▶ **About this exercise**
Your answer should hold all lines of the entries that include the word "Extension".

▶ **Material for the task**
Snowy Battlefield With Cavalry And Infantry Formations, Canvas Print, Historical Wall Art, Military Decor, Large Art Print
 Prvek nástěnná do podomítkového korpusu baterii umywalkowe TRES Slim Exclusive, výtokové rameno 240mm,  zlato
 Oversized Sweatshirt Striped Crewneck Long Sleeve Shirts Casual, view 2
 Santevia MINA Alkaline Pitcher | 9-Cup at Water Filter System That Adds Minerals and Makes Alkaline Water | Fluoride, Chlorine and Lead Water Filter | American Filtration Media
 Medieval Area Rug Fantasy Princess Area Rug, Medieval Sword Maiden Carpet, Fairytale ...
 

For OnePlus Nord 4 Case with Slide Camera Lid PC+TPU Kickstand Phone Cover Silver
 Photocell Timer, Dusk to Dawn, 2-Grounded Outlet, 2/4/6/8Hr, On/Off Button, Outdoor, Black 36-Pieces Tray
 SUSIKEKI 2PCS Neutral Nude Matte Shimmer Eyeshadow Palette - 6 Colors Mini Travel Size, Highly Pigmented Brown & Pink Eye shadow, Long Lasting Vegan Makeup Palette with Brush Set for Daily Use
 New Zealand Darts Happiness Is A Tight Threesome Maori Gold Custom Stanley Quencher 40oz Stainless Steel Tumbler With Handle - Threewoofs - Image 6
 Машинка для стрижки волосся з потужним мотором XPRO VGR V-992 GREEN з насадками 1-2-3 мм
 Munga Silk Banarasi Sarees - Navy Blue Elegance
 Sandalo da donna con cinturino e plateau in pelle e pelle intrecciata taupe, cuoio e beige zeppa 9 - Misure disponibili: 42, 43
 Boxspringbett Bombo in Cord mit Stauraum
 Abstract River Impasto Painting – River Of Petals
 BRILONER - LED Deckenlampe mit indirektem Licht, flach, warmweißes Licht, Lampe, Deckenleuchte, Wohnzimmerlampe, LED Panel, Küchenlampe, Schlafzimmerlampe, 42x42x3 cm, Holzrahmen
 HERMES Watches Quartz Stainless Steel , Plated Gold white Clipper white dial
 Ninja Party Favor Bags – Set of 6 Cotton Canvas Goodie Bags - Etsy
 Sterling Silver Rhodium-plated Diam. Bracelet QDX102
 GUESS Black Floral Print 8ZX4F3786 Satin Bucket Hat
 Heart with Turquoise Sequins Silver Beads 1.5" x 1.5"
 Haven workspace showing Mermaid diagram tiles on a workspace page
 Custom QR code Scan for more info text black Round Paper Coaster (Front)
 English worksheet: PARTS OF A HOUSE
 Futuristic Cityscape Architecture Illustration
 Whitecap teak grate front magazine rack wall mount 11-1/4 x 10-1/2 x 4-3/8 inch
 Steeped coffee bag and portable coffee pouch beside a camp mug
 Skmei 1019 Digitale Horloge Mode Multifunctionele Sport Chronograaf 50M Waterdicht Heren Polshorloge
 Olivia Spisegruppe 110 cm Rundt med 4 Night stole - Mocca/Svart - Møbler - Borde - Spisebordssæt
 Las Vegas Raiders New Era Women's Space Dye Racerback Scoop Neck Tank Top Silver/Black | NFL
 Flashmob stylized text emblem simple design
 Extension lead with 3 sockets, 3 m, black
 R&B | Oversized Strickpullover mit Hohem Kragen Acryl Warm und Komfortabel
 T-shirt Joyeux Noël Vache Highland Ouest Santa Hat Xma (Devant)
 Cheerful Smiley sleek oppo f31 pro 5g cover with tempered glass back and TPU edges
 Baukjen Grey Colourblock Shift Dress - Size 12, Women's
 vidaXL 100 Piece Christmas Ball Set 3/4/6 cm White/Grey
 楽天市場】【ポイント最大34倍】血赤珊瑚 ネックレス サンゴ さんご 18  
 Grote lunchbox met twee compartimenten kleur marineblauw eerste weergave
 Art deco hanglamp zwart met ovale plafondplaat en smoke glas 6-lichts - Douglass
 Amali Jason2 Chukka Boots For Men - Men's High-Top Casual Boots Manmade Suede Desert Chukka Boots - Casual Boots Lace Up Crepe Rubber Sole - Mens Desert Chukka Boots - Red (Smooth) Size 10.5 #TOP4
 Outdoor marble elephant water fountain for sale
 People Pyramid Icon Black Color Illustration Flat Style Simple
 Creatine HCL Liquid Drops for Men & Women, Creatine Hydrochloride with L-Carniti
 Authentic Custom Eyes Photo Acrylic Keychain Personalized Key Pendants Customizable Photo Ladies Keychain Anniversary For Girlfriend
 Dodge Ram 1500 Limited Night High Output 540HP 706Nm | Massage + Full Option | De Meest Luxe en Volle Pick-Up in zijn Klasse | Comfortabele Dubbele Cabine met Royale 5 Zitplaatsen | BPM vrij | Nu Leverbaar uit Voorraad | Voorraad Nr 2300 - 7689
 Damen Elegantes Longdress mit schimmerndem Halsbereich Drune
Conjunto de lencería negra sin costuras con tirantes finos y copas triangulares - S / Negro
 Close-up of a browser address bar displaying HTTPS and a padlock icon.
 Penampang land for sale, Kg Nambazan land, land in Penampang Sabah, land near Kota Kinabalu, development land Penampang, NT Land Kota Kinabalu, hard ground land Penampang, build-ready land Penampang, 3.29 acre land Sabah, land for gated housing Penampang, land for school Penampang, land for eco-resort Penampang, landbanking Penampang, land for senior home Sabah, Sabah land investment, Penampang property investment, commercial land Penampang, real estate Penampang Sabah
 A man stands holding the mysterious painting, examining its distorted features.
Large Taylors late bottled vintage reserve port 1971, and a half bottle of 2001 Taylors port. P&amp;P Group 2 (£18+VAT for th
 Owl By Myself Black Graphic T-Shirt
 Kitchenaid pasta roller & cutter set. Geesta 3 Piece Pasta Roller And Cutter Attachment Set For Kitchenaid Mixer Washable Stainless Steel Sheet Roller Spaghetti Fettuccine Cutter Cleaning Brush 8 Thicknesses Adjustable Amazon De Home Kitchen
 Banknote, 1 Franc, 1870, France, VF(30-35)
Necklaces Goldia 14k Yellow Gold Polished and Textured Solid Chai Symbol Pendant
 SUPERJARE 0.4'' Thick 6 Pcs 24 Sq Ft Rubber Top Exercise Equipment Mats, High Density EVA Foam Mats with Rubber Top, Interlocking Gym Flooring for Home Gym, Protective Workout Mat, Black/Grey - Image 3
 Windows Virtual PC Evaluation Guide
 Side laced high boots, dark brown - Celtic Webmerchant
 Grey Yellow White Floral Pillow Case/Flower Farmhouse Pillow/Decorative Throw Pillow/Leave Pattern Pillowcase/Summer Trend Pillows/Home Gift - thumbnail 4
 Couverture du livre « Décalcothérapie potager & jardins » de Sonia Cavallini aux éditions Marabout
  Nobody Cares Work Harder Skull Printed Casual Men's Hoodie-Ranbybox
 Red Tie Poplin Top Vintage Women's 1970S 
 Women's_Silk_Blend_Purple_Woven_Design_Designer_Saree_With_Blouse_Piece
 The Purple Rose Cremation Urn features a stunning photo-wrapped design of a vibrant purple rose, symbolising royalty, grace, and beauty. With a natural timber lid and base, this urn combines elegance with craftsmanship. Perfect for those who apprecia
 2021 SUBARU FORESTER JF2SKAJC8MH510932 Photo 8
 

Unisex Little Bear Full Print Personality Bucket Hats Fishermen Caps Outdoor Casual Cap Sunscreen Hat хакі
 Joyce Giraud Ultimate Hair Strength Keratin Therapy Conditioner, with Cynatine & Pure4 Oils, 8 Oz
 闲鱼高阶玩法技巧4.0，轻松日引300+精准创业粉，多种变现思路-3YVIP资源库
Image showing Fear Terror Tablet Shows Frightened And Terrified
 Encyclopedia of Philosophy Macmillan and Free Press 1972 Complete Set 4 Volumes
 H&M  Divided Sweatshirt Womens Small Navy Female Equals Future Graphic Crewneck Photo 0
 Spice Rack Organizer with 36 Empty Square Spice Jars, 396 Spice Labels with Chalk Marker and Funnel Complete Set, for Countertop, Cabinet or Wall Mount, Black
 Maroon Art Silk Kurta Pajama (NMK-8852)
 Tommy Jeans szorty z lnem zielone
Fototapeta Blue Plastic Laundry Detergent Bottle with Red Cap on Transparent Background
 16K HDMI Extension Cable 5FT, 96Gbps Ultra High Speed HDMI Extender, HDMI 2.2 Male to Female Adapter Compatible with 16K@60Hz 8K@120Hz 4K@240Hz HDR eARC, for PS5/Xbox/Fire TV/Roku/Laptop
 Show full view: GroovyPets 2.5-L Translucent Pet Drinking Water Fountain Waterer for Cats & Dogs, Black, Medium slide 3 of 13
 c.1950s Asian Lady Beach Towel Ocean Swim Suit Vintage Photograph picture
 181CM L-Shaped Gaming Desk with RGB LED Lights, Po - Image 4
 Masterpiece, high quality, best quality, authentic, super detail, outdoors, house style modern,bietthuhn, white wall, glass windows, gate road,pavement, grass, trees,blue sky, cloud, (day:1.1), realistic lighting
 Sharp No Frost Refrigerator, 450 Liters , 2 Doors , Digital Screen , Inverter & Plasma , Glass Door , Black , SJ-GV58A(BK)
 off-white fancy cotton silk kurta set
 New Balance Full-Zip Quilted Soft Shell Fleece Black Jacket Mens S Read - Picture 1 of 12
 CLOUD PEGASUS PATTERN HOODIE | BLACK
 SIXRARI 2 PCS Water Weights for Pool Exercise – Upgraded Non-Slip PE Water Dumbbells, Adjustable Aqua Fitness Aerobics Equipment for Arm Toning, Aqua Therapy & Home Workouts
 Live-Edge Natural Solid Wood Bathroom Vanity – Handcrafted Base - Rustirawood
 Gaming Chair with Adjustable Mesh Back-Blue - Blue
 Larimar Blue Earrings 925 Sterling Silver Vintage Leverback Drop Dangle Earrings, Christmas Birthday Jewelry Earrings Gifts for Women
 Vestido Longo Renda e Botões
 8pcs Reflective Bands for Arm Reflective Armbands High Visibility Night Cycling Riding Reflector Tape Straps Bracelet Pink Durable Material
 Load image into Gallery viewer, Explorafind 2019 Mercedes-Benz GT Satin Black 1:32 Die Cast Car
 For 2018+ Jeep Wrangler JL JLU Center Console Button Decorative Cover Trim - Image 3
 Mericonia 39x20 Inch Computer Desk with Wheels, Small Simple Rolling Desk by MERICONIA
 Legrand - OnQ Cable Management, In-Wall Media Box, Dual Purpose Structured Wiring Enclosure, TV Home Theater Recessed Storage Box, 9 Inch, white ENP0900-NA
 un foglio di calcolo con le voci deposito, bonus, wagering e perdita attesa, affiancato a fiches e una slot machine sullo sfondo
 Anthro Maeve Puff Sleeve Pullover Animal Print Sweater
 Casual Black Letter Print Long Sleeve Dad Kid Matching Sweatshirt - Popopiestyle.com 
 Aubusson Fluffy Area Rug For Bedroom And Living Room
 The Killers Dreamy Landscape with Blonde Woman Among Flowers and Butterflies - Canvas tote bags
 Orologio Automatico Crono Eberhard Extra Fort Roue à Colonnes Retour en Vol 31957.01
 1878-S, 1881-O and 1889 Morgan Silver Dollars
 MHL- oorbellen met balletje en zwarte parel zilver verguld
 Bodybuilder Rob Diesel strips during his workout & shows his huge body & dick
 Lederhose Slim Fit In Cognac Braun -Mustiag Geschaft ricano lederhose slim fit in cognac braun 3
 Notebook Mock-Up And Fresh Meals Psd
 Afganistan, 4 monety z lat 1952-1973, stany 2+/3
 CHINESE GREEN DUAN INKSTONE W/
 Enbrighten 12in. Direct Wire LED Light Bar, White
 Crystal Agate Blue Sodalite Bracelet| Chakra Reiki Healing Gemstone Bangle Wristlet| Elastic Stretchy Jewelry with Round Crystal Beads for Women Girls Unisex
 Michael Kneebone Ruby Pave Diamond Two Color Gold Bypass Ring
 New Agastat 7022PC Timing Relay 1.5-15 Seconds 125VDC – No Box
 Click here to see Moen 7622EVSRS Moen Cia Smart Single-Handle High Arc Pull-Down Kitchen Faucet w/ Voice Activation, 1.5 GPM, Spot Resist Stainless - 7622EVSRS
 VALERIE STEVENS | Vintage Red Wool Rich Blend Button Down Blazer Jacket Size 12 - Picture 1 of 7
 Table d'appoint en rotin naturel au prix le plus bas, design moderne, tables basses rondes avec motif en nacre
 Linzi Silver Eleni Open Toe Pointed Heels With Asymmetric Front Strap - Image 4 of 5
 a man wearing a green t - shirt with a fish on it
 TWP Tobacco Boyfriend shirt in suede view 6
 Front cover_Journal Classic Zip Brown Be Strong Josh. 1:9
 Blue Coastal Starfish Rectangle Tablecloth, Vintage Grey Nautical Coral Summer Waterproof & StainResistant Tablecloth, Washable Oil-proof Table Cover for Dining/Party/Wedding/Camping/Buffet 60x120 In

▶ **Solved problem**
 Extension lead with 3 sockets, 3 m, black
 16K HDMI Extension Cable 5FT, 96Gbps Ultra High Speed HDMI Extender, HDMI 2.2 Male to Female Adapter Compatible with 16K@60Hz 8K@120Hz 4K@240Hz HDR eARC, for PS5/Xbox/Fire TV/Roku/Laptop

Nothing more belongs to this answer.